If each $y_{ij}$ is thought of as a flow from $i$ to $j$ then each node except node $0$ has a gain of $\epsilon$ and so the node $0$ must have a loss of $(n - 1)\epsilon$. Now (i) follows since each connected component of $H$ must have a zero total gain. To verify (ii), let us first consider the node 0. By the first constraint, at least one arc leaves this node; to account for the positive loss, another arc must enter. In case $i\neq 0$, the second set of conditions guarantee that at least one arc enters $i$; another arc must leave it to account for the positive gain. Finally, the property (iii) is equivalent to the fifth constraint.
You find an implementation in the git
repository: svestka.py. GLPK is unable to find an upper bound to this formulation within a couple of hours on the 20-cities random instance. Gurobi is instead very fast. We use gurobi therefore.
%run src/svestka.py
%matplotlib inline
In "Linear Programming and Extensions" 1963, Dantzig G.B. gave a three index formulation for the asymmetric TSP. It considers $n$ different levels indexed by $t$ and looks for tours that visit exactly one node at each level and step up in a coordinated way between levels.

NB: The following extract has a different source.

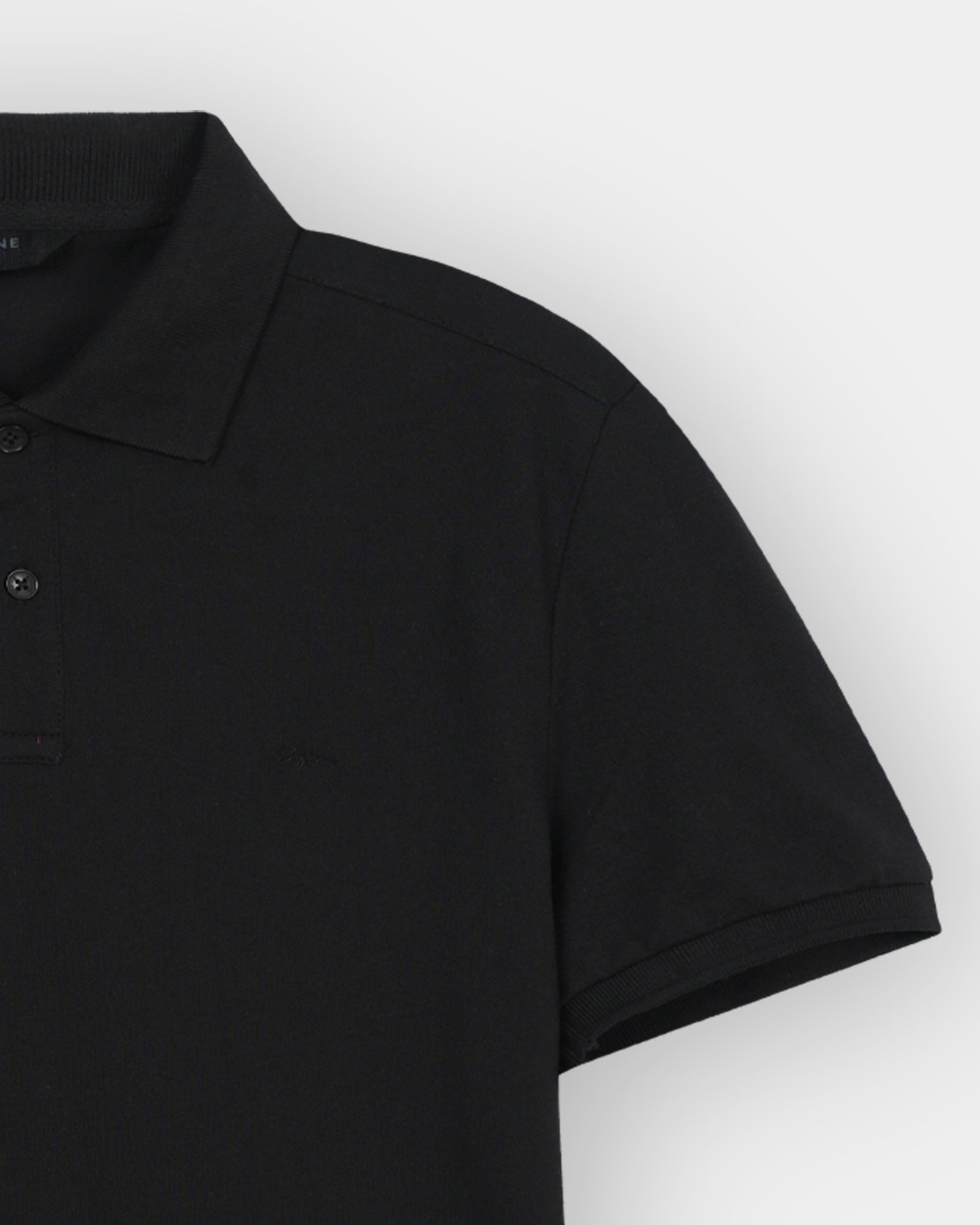 Men Polo Tee - Engine - Buy Now
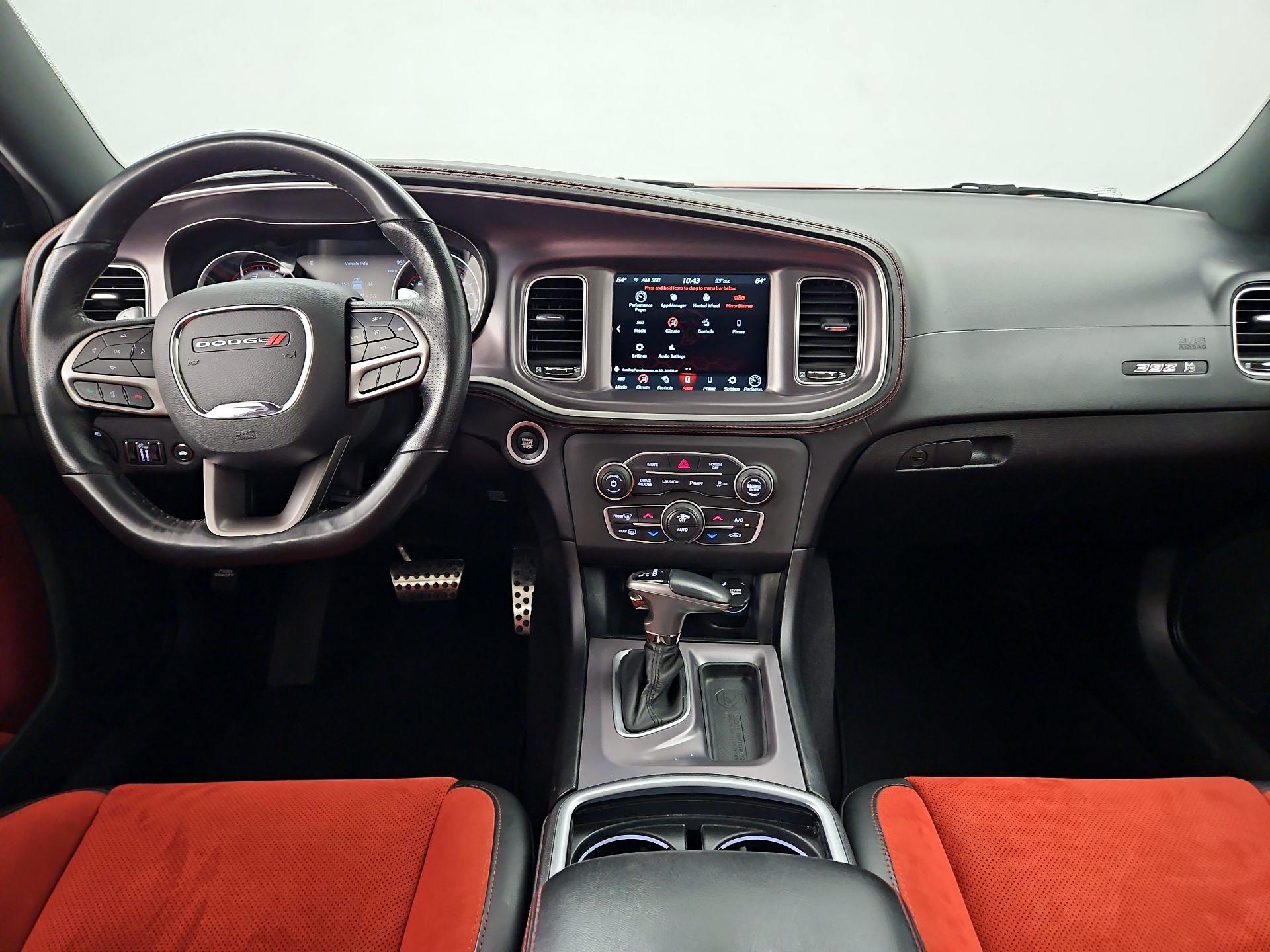 Thumbnail: 2021 Dodge Charger - 9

$$ \begin{aligned} \min & \sum_{ijt} c_{ij} x_{ijt}\\ &\sum_{t=0}^{n-1}\sum_{j:j\neq i} x_{i,j,t}=1 & i=0..n-1 \\ &\sum_{i:i\neq j} x_{i,j,t}=\sum_{k:k\neq j} x_{j,k,t+1} & j=0..n-1, t=0..n-2\\ &\sum_{i:i\neq j} x_{i,j,n-1}=\sum_{k:k\neq j} x_{j,k,0} & j=0..n-1\\ &x_{ijt}\in \mathbb{B} &i,j=0..n-1\\ \end{aligned} $$Here the first set of constraints ensure that every node is visited, the second that the steps are done from the nodes we entered to and the third closes the cycle among the levels.
You find an implementation in the git
repository: dantzig.py.
%run src/dantzig.py
%matplotlib inline
Let's compare the different formulations encountered on the basis of their linear relaxation:
Instance | DFJ | MTZ | Svestka | Dantzig |
---|---|---|---|---|
ran20points | 3182.3 | 2538.8 | 1032.8 | 2504.2 |
dantzig42.dat | ||||
berlin52.dat | ||||
bier127.dat |
Keep now the integrality constraints of the main variables in the formulations so that an optimal solution can be found. Which is the fastest formulation to solve the problem? How many branch and bound nodes are needed in the formulations to find the optimal solution?
Experiment ideas. For example, try combining the two formulations DFJ and MTZ.